Published online by Cambridge University Press: 22 September 2009
Around the middle of the fifth century ad, Salvian, presbyter of the church at Marseilles, delivered a blistering broadside at the conduct of his fellow Christians. A considerable portion of this diatribe, under the title De Gubernatione Dei (Concerning the Governance of God, abbreviated here as DGD) has survived, and the themes and tenor of the work are clear. The text reveals a senior member of the Gallic clergy attempting to come to terms with what he perceived to be the eclipse of Roman culture and society in Gaul and elsewhere in the western provinces of the Roman empire. Salvian ascribed this decline not to the destructive influence of barbarians, but to a decline in the morals of Romans themselves (DGD 5.4.16–18, 5.6.25; cf. Ep. 9). Indeed, he suggested that it was only among barbarians and marginalised groups such as the Bagaudae that civilised Roman behaviour could now be found (DGD 5.5.21–2).

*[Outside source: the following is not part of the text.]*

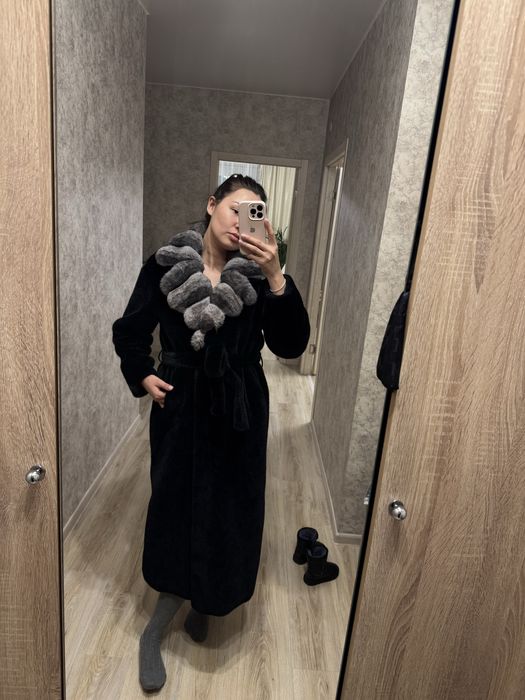 Продам шубу , ворот под шиншиллу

Salvian focused considerable attention upon the depredations of the imperial tax machinery, the abuses visited upon small landowners by the members of the curial class, and the desperate ends to which these drove the poor. As a consequence, his testimony was long a staple for scholars seeking confirmation that the late Roman empire was in inexorable decline, as a result of barbarian invasions, high levels of taxation and a fragmenting social fabric.